Background on Hershey School AIDS Discrimination
The
Milton Hershey School--a boarding school for low-income students funded
by the Hershey Company--recently rejected the boy for admission citing
his HIV-positive status as the reason, misguidedly calling him a "direct
threat to the health and safety of others." AHF has also launched a
website www.EndHIVStigma.org where the public can learn more about the
case, learn the facts about HIV/AIDS and send e-letters to three Hershey
Company board members who also sit on the board of the Milton Hershey
School Trust, urging them to denounce the discrimination and facilitate
the boy's admission into the school.
"The blatant
discrimination and ignorance displayed by Hershey in this case is simply
unacceptable. Ultimately, it is the Hershey Company itself, as the main
funder of the school, that must answer for the decision not to admit
the boy--a decision fueled by prejudice and fear," said Michael
Weinstein, President of AIDS Healthcare Foundation. "If Hershey is truly
a company that believes in its social responsibility creed of
'commitment to consumers, community and children,' it will denounce this
illegal and repugnant discrimination and immediately facilitate the
enrollment of the boy at the school."
"It's appalling that
Hershey Company would sit by and let AIDS stigma dictate school policy
at the Milton Hershey School," said Rev. Jeffrey Jordan, pastor of
MCC-Philadelphia. "We want to see the Hershey Company use their leverage
as Board members to change the policy at the school for good."
According
to the Associated Press (claim:Hershey School Rejects HIV-Positive Pa.

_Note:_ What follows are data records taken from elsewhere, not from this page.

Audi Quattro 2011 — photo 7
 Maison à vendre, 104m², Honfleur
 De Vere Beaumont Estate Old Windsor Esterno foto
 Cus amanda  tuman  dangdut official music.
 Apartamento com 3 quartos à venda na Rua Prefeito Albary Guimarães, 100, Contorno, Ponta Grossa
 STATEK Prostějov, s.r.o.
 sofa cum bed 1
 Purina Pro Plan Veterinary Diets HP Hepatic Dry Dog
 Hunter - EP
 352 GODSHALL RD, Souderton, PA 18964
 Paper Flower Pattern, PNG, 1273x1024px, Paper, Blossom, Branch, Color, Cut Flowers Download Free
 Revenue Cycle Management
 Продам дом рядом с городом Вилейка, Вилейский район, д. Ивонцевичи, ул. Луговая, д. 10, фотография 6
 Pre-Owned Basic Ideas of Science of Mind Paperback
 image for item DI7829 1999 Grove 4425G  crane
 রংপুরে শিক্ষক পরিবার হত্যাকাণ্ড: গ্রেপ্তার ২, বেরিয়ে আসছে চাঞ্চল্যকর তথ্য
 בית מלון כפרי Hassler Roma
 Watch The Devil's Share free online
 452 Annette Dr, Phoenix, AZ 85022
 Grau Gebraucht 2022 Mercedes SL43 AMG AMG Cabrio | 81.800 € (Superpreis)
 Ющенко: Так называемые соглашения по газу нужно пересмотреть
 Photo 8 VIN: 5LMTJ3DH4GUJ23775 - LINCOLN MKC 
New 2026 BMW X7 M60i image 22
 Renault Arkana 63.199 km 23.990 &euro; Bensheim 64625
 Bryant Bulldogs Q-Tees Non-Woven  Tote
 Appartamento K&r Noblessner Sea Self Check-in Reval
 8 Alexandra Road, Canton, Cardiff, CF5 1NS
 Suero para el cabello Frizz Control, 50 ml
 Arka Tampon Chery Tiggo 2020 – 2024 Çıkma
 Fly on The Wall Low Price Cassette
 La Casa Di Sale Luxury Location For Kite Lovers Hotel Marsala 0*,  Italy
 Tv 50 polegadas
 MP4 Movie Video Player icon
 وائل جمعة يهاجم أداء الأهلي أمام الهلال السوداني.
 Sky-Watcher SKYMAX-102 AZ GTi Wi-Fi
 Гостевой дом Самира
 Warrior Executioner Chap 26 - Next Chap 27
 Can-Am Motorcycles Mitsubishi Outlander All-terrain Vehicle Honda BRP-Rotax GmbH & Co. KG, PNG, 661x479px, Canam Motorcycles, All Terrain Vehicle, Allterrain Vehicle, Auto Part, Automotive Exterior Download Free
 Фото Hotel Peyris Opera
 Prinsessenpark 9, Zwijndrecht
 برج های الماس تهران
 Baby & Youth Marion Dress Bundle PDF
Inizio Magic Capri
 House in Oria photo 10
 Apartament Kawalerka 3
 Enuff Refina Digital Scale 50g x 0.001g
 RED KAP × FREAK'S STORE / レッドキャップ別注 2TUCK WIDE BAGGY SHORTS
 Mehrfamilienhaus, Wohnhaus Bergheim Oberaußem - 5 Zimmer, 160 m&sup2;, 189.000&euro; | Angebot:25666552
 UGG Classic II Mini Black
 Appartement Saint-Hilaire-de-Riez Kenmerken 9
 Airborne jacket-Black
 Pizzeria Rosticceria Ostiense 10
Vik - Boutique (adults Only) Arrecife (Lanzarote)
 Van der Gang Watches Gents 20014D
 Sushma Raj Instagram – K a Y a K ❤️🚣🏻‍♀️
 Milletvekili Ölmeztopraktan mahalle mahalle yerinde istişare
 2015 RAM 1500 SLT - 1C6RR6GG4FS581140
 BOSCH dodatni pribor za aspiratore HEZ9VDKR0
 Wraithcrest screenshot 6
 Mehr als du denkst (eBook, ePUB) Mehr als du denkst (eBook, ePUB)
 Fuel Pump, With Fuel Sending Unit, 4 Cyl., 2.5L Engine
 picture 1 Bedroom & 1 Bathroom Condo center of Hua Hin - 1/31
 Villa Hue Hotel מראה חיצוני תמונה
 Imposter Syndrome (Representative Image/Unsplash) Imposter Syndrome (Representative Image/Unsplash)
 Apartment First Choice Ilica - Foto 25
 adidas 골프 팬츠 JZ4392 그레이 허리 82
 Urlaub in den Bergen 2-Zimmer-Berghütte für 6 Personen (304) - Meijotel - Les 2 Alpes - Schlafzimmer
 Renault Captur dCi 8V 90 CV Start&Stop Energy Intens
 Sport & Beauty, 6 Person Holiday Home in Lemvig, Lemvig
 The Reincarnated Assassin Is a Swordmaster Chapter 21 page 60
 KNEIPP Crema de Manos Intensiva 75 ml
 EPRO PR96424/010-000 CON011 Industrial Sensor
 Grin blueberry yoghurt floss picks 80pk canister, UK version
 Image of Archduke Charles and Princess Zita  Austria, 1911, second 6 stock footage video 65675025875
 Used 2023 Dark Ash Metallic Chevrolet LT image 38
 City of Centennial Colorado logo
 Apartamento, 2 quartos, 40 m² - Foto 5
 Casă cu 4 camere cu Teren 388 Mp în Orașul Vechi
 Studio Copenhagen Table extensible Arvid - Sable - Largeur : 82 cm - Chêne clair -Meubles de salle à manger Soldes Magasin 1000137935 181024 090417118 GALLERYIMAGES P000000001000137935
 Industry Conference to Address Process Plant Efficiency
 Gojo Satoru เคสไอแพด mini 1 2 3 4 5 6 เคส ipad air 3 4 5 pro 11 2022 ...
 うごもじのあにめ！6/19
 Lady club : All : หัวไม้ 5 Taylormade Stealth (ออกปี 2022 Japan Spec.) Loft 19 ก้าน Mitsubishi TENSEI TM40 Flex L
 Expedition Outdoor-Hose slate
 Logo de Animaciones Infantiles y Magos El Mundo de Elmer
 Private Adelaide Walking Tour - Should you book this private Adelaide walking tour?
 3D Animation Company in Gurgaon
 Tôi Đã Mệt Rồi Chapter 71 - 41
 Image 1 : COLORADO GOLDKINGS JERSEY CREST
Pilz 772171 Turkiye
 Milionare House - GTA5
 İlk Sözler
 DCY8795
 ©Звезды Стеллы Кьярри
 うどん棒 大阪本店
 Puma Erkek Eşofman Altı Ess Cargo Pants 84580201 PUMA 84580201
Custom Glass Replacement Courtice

Boy)(claim:By Peter Jackson)(claim:12/1/11): "A private boarding school
connected with the Hershey chocolate company says it was trying to
protect other students when it denied admission to a Philadelphia-area
teenager because he is HIV-positive. The AIDS Law Project of
Pennsylvania filed a lawsuit on behalf of the unidentified boy in U.S.
District Court in Philadelphia on Wednesday, claiming the Milton Hershey
School for disadvantaged students violated the Americans with
Disabilities Act. School officials acknowledged that the 13-year-old boy
was denied admission because of his medical condition. They said they
believed it was necessary to protect the health and safety of the 1,850
others enrolled in the residential institution, which serves children in
pre-kindergarten to 12th grade and where students live in homes with 10
to 12 others."
"The ignorance displayed by the Hershey
School's leadership is unacceptable and demonstrates just how much work
there is still to be done to dismantle the fear and misinformation that
still surrounds this disease more than 25 years after Ryan White," said
Jessica Reinhart, Grassroots Community Manager for AIDS Healthcare
Foundation.
Ryan White was an American teenager from Kokomo,
Indiana who, in the mid-1980s, was expelled from middle school because
he was HIV-positive. A lengthy legal battle with the school ensued and
White became a galvanizing force in educating the country about HIV
& AIDS at a time when misinformation about the disease was
widespread. After his death in 1990, the U.S. Congress passed a major
piece of legislation named in his honor, the Ryan White CARE Act, which
provides funding for HIV/AIDS programs for low-income Americans.
AIDS
Healthcare Foundation (AHF), the largest global AIDS organization,
currently provides medical care and/or services to more than 166,000
individuals in 25 countries worldwide in the US, Africa, Latin
America/Caribbean, the Asia/Pacific Region and Eastern Europe.